> **RECORDS FOR THE EXERCISE**
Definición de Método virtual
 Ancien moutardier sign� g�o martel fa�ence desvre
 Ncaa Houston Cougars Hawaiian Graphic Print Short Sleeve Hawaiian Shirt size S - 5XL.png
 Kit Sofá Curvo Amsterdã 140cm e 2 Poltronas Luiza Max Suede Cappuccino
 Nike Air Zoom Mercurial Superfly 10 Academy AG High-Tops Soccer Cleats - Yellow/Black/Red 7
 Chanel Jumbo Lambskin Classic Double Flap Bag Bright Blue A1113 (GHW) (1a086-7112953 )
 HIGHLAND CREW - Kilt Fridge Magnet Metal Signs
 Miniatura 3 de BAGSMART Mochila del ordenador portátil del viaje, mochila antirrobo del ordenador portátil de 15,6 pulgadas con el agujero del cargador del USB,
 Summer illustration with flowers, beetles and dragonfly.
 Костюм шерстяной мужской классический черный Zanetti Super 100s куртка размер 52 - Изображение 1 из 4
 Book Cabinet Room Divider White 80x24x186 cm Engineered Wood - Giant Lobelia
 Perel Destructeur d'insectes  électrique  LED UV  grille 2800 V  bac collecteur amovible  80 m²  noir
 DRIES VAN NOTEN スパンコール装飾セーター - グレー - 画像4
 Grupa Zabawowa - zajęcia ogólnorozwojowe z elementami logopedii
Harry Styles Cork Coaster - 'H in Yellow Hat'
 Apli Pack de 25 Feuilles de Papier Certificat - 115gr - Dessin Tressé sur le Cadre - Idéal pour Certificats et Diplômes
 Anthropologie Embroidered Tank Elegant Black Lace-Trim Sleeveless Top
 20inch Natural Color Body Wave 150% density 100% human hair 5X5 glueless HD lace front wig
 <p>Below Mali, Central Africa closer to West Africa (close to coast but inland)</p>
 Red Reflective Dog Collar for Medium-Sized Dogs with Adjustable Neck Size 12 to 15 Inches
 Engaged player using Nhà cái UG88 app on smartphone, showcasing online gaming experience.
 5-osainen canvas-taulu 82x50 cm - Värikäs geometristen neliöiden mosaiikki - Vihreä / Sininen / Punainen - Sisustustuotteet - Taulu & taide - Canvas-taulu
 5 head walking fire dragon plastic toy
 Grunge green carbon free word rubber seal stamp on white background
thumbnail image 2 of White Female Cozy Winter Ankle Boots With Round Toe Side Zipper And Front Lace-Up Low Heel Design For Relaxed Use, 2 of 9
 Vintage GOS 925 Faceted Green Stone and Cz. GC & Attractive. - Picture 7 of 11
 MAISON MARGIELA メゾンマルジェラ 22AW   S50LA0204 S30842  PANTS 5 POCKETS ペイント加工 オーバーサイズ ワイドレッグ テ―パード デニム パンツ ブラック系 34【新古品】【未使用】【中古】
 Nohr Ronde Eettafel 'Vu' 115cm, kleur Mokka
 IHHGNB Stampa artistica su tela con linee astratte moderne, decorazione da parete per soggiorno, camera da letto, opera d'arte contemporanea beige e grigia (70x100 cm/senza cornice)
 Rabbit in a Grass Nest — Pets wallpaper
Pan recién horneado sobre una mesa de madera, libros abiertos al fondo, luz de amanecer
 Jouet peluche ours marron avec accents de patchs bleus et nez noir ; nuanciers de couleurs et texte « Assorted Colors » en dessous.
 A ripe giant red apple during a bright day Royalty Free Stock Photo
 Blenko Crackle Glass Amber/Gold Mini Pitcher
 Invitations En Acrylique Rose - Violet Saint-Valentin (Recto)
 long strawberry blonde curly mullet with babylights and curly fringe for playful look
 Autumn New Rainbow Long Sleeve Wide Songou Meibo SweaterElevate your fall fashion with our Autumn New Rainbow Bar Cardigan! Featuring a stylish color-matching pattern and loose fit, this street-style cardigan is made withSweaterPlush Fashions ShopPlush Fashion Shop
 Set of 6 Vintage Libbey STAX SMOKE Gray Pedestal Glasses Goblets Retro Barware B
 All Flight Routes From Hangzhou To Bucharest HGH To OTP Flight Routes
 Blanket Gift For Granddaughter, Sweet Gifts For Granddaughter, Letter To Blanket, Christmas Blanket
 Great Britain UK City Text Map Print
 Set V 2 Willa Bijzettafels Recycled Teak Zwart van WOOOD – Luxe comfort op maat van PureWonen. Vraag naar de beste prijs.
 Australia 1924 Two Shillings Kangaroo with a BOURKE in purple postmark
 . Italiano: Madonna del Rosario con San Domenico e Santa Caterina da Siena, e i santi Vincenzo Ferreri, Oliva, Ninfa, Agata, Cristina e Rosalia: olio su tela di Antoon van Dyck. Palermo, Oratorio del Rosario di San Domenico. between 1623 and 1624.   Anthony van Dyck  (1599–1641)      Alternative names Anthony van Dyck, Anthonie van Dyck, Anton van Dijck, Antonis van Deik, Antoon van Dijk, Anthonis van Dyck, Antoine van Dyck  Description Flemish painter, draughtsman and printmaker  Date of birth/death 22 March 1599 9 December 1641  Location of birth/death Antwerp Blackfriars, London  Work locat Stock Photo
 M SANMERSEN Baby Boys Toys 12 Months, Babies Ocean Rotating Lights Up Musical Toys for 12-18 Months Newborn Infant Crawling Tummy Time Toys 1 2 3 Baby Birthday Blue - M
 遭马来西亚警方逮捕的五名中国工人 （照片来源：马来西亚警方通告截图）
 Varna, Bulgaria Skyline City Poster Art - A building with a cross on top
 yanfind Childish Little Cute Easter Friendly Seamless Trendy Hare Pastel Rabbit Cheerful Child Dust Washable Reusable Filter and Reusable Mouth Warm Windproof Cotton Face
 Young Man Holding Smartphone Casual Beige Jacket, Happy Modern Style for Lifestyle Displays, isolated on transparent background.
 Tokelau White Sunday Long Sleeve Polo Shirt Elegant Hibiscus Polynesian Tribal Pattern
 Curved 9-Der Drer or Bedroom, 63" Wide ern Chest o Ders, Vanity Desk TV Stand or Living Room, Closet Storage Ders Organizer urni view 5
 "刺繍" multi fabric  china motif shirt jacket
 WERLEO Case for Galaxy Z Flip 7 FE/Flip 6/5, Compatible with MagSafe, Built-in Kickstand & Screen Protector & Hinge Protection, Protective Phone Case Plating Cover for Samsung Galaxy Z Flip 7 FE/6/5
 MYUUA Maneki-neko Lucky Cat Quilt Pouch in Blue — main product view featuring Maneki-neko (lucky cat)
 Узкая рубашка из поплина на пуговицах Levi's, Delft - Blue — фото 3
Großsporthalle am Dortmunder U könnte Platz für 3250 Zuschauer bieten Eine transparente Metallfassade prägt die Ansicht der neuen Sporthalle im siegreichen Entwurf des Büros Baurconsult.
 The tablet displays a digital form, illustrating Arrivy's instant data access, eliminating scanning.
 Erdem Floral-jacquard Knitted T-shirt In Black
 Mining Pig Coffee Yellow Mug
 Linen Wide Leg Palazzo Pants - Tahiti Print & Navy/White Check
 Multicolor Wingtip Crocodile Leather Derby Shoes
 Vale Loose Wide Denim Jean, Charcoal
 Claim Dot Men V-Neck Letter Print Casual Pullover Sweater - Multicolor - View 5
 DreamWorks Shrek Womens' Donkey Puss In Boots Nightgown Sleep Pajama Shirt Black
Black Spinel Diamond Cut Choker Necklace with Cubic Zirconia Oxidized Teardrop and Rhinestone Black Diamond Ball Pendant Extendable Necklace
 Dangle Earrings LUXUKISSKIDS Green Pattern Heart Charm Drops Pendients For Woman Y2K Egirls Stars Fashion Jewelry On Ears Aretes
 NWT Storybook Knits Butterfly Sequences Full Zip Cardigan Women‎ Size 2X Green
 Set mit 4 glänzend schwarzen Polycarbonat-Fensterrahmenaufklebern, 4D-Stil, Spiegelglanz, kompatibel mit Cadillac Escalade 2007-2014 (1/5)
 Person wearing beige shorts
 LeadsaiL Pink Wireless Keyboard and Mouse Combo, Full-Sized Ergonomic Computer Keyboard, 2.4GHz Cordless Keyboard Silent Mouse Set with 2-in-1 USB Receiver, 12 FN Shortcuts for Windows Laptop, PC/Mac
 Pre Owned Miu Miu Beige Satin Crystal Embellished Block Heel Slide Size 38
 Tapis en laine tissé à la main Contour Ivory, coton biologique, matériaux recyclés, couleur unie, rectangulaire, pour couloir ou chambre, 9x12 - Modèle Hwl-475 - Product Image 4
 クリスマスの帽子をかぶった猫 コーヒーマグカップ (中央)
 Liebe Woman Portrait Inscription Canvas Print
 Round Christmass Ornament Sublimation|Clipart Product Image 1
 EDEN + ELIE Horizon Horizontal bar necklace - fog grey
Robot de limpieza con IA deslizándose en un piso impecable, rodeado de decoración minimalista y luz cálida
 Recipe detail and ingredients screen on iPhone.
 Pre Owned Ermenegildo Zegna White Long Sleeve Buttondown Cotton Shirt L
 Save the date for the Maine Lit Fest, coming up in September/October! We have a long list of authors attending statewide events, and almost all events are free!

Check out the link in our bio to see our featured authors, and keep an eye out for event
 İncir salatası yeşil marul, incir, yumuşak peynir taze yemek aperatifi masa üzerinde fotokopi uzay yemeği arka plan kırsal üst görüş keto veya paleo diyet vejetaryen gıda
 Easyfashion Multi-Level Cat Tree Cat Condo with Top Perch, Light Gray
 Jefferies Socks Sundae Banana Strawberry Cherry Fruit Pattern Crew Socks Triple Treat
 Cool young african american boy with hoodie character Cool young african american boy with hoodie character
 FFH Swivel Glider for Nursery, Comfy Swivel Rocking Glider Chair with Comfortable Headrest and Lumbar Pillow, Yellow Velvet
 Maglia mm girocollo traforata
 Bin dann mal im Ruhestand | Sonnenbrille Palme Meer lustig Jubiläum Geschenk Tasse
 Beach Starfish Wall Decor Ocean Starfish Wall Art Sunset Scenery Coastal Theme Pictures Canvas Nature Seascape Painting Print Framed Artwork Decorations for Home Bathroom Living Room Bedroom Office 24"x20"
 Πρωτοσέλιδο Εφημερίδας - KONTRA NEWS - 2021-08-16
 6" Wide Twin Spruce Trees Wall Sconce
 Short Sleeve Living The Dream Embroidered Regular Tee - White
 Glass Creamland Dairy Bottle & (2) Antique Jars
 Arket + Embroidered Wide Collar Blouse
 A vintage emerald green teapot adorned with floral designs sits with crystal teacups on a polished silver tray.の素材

> **WHAT TO PRODUCE**
Reproduce exactly the entries above, limited to the lines from the one with "Curved 9-Der Drer" through the one with "motif shirt jacket", both included.

> **WRITTEN SOLUTION**
 Curved 9-Der Drer or Bedroom, 63" Wide ern Chest o Ders, Vanity Desk TV Stand or Living Room, Closet Storage Ders Organizer urni view 5
 "刺繍" multi fabric  china motif shirt jacket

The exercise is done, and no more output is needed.